Петр Великий был весьма заинтересован в распространении Православия в Китае и для этой цели предложил отправить туда русскую делегацию. Следует заметить при этом, что китайцы были не настолько готовы принять русских, насколько Петр — послать их туда. Остается только догадываться, религиозными или политическими соображениями руководствовался Петр I в этом вопросе[242]. Китайцы отнесли членов русской миссии к числу государственных служащих Китая, поскольку те исполняли обязанности капелланов по отношению к лицам православного происхождения, состоящим на службе в императорской гвардии. Это положение, при котором все миссионеры считались китайскими служащими, продолжалось до 1737 года. И далее, вплоть до 1858 года, Миссия пользовалась поддержкой китайского правительства[243].

Изначально религиозная деятельность русских заключалась в окормлении албазинских поселенцев. Кроме этого, члены Миссии были заняты изучением восточных языков. «Собственно миссионерской деятельности на практике не осуществлялось… В течение двух столетий Православная миссия в Пекине ограничивалась научными исследованиями и разработками»[244].

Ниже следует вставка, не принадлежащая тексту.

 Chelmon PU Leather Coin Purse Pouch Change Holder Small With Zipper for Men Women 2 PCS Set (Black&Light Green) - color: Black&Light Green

Возрождение миссионерской активности началось в 1858 году, когда дипломатический корпус отделился от Миссии. Монах Исаия Поликин сумел организовать православный приход в Дун-Динане. Он очень много сил отдавал подготовке китайского духовенства, но дело продвигалось крайне медленно. До 1884 года в Китае не было ни одного священника-китайца. Опыт этой Миссии, более известной своими учеными-востоковедами и их трудами, явился хорошим уроком для современной православной миссиологии. Как замечает преосв. Анастасий Яннулатос, «все факты говорят о том, что одной только, даже серьезной, теоретической основы, подкрепленной хорошим образованием и благими намерениями, недостаточно для уверенного и плодотворного функционирования миссии… Православные не сумели использовать благоприятные обстоятельства, которые способствовали распространению веры»[245].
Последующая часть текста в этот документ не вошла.